Methods for the production of highly sensitive and specific cell surface probes
Abstract
A system and method for producing an oligonucleotide having a high affinity for extracellular or cell surface markers on a target cell. The resultant oligonucleotide probe can be used to detect a target biomolecule, in particular a cancer cell or infectious agent such as a bacterium, virus, or fungus, comprising an aptamer having a high affinity for the biomolecule, wherein at least one labeled dye is attached to the aptamer. The labeled dye causes the aptamer to emit a baseline, non-visible emission. When the aptamer (also referred to herein as a probe) of the invention interacts with a target biomolecule, the fluorescence emission changes from the baseline emission to an emission that is visually detectable.
Claims
exact text as granted — not AI-modified1 . A method for obtaining a probe specific for extracellular or cell-surface markers comprising:
(a) incubating a sample containing at least one nucleic acid sequence with a sample containing at least one target cell; (b) allowing substantially all of the target cells to bind with the nucleic acid sequences; (c) separating and recovering bound nucleic acid sequences to form a first sample; (d) eluting and incubating the first sample with a sample containing at least one counter-selective cell so that the nucleic acid sequences bind with the counter-selective cells; (f) separating and recovering unbound nucleic acid sequences to form a second sample; and (g) cloning and sequencing the nucleic acid sequences of the second sample to obtain a probe specific for the target cell.

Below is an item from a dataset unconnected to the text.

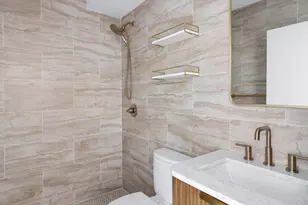 301 E 45th St, New York City, NY 10017 - Photo 5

2 . The method of claim 1 , further comprising the steps of:
(f 1 ) using a quantitative replicative procedure comprising a replicative polymerase reaction following step (f); and (h) repeating steps (a) through (f 1 ) at least one more time before proceeding to step (g), wherein the greater number of times step (h) is performed provides a probe with a higher affinity for the target cell.
3 . The method of claim 2 , further comprising the step of binding a detectable agent to the obtained probe.
4 . The method of claim 3 , wherein the detectable agent is selected from the group consisting of dansyl; fluorescein; 8-anilino-1-napthalene sulfonate; pyrene; ethenoadenosine; ethidium bromide prollavine monosemicarbazide; p-terphenyl; 2,5-diphenyl-1,3,4-oxadiazole; 2,5-diphenyloxazole; p-bis[2-(5-phenyloxazolyl)]benzene; 1,4-bis-2-(4-methyl-5-phenyloxazolyl)benzene; and lanthanide chelate.
5 . The method of claim 3 , further comprising the step of monitoring the detectable agent to monitor the affinity of the probe to the target cell.
6 . The method of claim 5 , wherein flow cytometry is used to monitor the detectable agent.
7 . The method of claim 1 , wherein the nucleic acid sequence is selected from the group consisting of single-stranded DNA; double-stranded DNA; single-stranded RNA; double-stranded RNA; and chemical modifications thereof.
8 . The method of claim 1 , wherein the target cell is selected from the group consisting of biological cells.
9 . The method of claim 8 , wherein the target cell is selected from the group consisting of bacteria; viruses; single-celled protozoan pathogens; cells infected by bacteria, virus, or fungi; and cancer cells.
10 . The method of claim 1 , wherein the sample containing at least one target cell is selected from the group consisting of animal tissue; biological fluid; environmental substances; plant material; water; beverages; and industrial waste.
11 . The method of claim 1 , wherein the quantitative replicative procedure is a quantitative polymerase chain reaction.
12 . The method of claim 1 , wherein separating bound nucleic acid sequences from unbound nucleic acid sequences comprises the step of contacting the sample with an immobilized ligand.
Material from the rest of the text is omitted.